Les dossiers sont examinés par deux types d’instances : les commissions régionales du patrimoine et de l’architecture pour une « inscription » au titre des monuments historiques, et la Commission nationale du patrimoine et de l’architecture pour le « classement » d’un site, qui est le plus haut niveau de protection.
Cette procédure garantit la prise en compte des différents points de vue, et aboutit à des choix équilibrés et éclairés. Nous n’observons d’ailleurs pas d’inflation du nombre de décisions de protection. Au contraire même, le rythme diminue depuis une quinzaine d’années.
Bien que le patrimoine soit une richesse esthétique et des repères pour la collectivité, n’est-il pas un frein à la créativité ?
Cessons d’opposer patrimoine et création. Ils s’enrichissent mutuellement. Toute création part d’un héritage, qu’elle en soit un prolongement ou une réaction. Et, du côté du patrimoine, l’enjeu est précisément d’y faire entrer davantage la création pour rendre les sites encore plus vivants, et continuer d’attirer de nouveaux publics, notamment les jeunes générations.
Rendre les sites encore plus vivants et continuer d’attirer de nouveaux publics.
Tout cela passe par l’accueil d’artistes en résidence, d’installations contemporaines, l’investissement dans les nouveaux outils de visite numériques, etc.
Pour ce qui est de la rénovation et de la transformation des sites eux-mêmes, les architectes des Bâtiments de France sont là pour délivrer les autorisations qui assurent le respect du patrimoine et, au besoin, la prise en compte de nouvelles exigences d’intérêt général, notamment en matière écologique. La création est une chance pour le patrimoine.

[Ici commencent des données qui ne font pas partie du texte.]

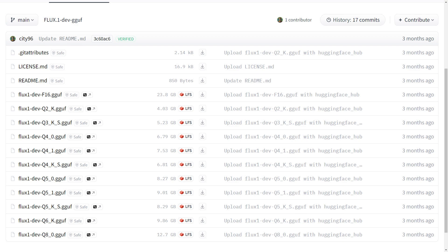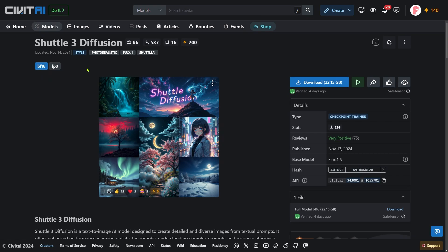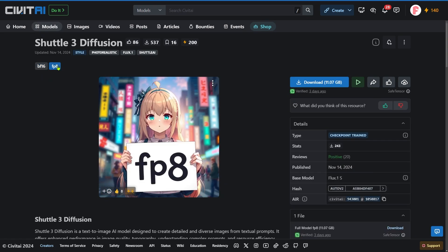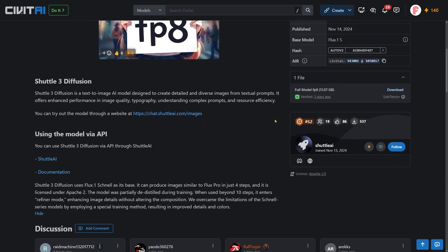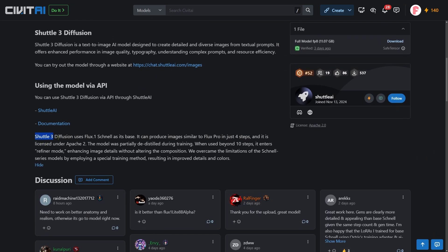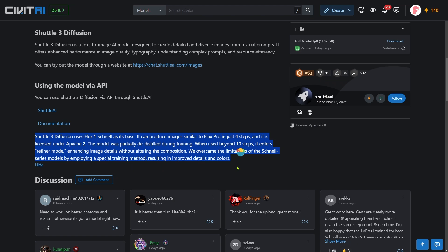With that background, let's dive into the four checkpoints we'll be testing today. First up, we've got the FP8 version of Shutter 3 Diffusion, which came out several days ago. Its file size is 11.07GB, and according to its creator, it's fine-tuned from the Chanel version of Flux. It claims to produce results similar to Flux Pro in just 4 steps, with a special refine mode that kicks in after 10 steps to add details without changing the composition. Let's test it out by generating a couple of portraits.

Certains rapports préconisent une valorisation économique du patrimoine…
Le patrimoine peut être un levier de revitalisation pour les territoires en situation de désertification. C’est une réflexion que nous devons conduire avec les collectivités territoriales. D’abord, parce qu’elles sont les propriétaires de la majorité des 44 000 monuments historiques que compte notre pays et en assurent la gestion – je rappelle que 3% seulement appartiennent à l’État.
Mais aussi parce que ce sont les collectivités territoriales, les élus de terrain qui ont la connaissance fine du territoire. Ils sont donc les mieux placés pour stimuler le rayonnement patrimonial. Le gouvernement a lancé, cet automne, l’expérimentation de plans de revitalisation dans 17 villes de France, dans le prolongement des recommandations faites par l’ancien sénateur Yves Dauge.
Le ministère de la Culture participe, aux côtés du ministère de la Cohésion des territoires notamment, à l’accompagnement des collectivités territoriales concernées. Cette action sur le patrimoine est l’un des axes forts de la politique de proximité que je déploie, avec l’ouverture accrue des bibliothèques, le Pass Culture, ou encore la systématisation de la pratique artistique dans les écoles.